DOMINGO 06 DE SEPTIEMBRE
VIGESIMOTERCER DOMINGO DEL TIEMPO ORDINARIO
“Cuida a tus hermanos heridos»
Ezequiel 33, 7-9, Salmo 94, 1-2. 6-7. 8-9, Romanos 13, 8-10, Mateo 18, 15-20
PISTAS PARA LA LECTIO DIVINA
1. En el momento de la lectura pueden ser útiles estas preguntas:
- ¿Qué elementos nos llaman la atención de este texto?
- ¿Qué expresiones captan nuestra atención?
2. En el momento de la meditación se puede hacer un diálogo partiendo de estas preguntas:
- ¿Qué realidades de nuestra vida personal o comunitaria se iluminan a la luz de este texto?
- ¿Qué nos dice este texto acerca de la vida de nuestras comunidades?
- ¿Qué llamamientos nos hace este texto para nuestra vida?
También pueden ser útiles estas pistas de reflexión:
I Consignas para la vida de comunidad
Es difícil ir edificando una buena comunidad. En tiempos de Cristo y ahora. Jesús, en su evangelio, da mucha importancia a lo que va a ser su comunidad, por ejemplo, asegurando que «donde dos o tres estén reunidos en mi nombre, allí estoy yo», como dice en el evangelio de hoy.

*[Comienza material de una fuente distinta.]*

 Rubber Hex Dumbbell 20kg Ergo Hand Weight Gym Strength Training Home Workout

Varias veces da a sus discípulos criterios y consignas para su actuación en comunidad. Hoy les enseña la pedagogía con que han de ejercer la corrección fraterna, que también es necesaria en una comunidad (inmediatamente antes de este pasaje que leemos hoy, Mateo pone la parábola de la oveja descarriada, a la que el pastor va a buscar y recupera).

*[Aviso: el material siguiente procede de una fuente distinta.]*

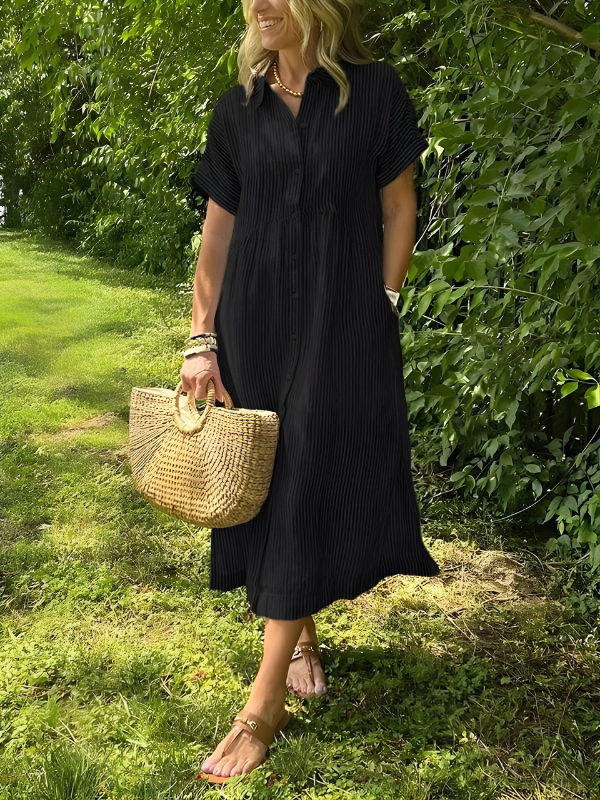Phoebe | Timeless Striped Button Front Maxi Linen Dress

Aspecto este que prepara la lectura del profeta.
Ezequiel 33, 7-9. Si no hablas al malvado, te pediré cuenta de su sangre
Ezequiel compara a un profeta con el vigía o centinela que guarda la ciudad desde una torre, para avisar si se acerca algún peligro (hoy son los aparatos de radar los que detectan la llegada de objetos extraños). Un profeta no sólo «anuncia» cosas de parte de Dios. También «denuncia» y reprende a las personas o a todo el pueblo, haciéndole ver las consecuencias nefastas que puede tener su conducta improcedente.
Si no lo hace así, y se calla en los momentos en que debería dar la alarma (o se inventa el mensaje, en vez de transmitir el que Dios quiere), de alguna manera se hace responsable del mal que hace esa persona o ese pueblo, y Dios le pedirá cuentas también a él, aunque el responsable último sea la persona concreta: «si no hablas al malvado, te pediré cuenta de su sangre». Porque lo que Dios quiere es la salvación de todos, también de los malos. Por eso pide al profeta que hable a tiempo.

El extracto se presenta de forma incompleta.